Natural Language Processing (NLP) has the potential to dramatically influence the way in which clinical care and medical research is conducted. Pilot studies have shown that NLP engines, such as MedLEE and MetaMap, and the use of community-defined medical ontologies like the Unified Medical Language System (UMLS), can help to more accurately identify disease risks and environmental factors in patient clinical narratives. In addition to helping improve disease diagnosis, NLP can help automate the analysis of patient narratives over extended visits and across a wide sampling of subjects.

While more research is needed, the opportunities are well understood. Yet, NLP has not seen wide-spread adoption in clinical settings. This is in part because successful application of off-the-shelf NLP engines often involves deep familiarity with their function and design.

Employing NLP on a massive scale would also require researchers to possess expertise in systems design, data management, provisioning of computational resources, security and Health Insurance Portability and Accountability Act (HIPAA) compliancy. For example, NLP execution systems would need to insure that researchers have acquired appropriate software licenses as well as the necessary credentials for accessing patient data. Moreover, research is partially inhibited in that there are few mechanisms available today for sourcing patient narratives and de-identifying patient data for use in open studies.

At the Computation Institute we aim to address these medical NLP challenges in at least two ways. First, we aim to greatly improve the usability of NLP engines by developing an easy-to-use web environment for executing NLP engines. By delivering functionality via the web browser, we can remove the need for familiarity with the idiosyncrasies of NLP engine execution. The web also will allow us to more easily introduce value-added tools that will enable researchers to experiment with different medical ontologies, vary input parameters to NLP engines, run batch studies and analyze results across any number of patients or sets of narratives as well curate and share results among select colleagues. Next, we aim to look to cloud computing for addressing the core computational and data management requirements for NLP execution and supporting functions. Our first foray into this world has proved quite promising from both a performance perspective and a cost perspective. The figure below illustrates a study we conducted in scaling the use of MetaMap across multiple Elastic Compute Cloud (EC2) virtual machine (VM) instances in a parallel manner. We processed 1000 3KB size narratives with roughly 1 million UMLS mappings and indexed the results with a service built on Solr. With EC2, we found that scaling up performance was as easy as adding a new VM and distributing MetaMap load accordingly. The only inhibiting performance factor was our ability to index the results. However, our Solr deployment was quite simple, being deployed on a single VM, and there are well-known mechanisms for scaling Solr on EC2 that we might explore.
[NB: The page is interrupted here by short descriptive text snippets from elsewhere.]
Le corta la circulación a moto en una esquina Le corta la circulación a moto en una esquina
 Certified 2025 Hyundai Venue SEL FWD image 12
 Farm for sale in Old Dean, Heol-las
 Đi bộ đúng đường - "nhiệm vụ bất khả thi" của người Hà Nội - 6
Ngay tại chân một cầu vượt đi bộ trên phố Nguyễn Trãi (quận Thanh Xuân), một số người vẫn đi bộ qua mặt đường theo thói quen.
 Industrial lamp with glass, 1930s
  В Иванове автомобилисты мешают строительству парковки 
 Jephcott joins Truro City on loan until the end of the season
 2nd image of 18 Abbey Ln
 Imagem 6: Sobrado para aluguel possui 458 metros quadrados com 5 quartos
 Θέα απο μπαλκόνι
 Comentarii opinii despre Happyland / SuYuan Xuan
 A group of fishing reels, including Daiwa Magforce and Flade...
We also compared price and performance across different EC2 instance sizes. The results, presented in the table below with prices reflected for the US East region, show how cost effective EC2 can be. For example, using micro and small instances results in a cost of less than 5 hundredths of a cent to process a single document. This demonstrates the potential to provide wide-scale NLP on-demand with very low cost overhead to end-users.


  Micro Small Large XLarge
Cores Up to 2 1 4 8
Memory (GB) 0.613 1.7 7.5 15
Architecture 64 32 64 64
Storage (GB) EBS 160 850 1690
Instance Cost ($/hr) 0.02 0.085 0.34 0.68
Documents per hour 66.8 170.0 270.4 391.1
Price per document (cents) 0.0003 0.0005 0.0012 0.0017


This is exciting stuff and we are only just getting started. As our aim is to standup a service for researchers to experiment with our work, one of our next steps will be to start leveraging Globus Online services to manage user access and to provide more robust data import and export capabilities. I hope to be blogging on that topic in the near future. To learn more about our current efforts, feel free to read "Scalability and Cost of a Cloud-based Approach to Medical NLP", recently accepted at "The 24th International Symposium on Computer-Based Medical Systems (CBMS)", in Bristol, UK.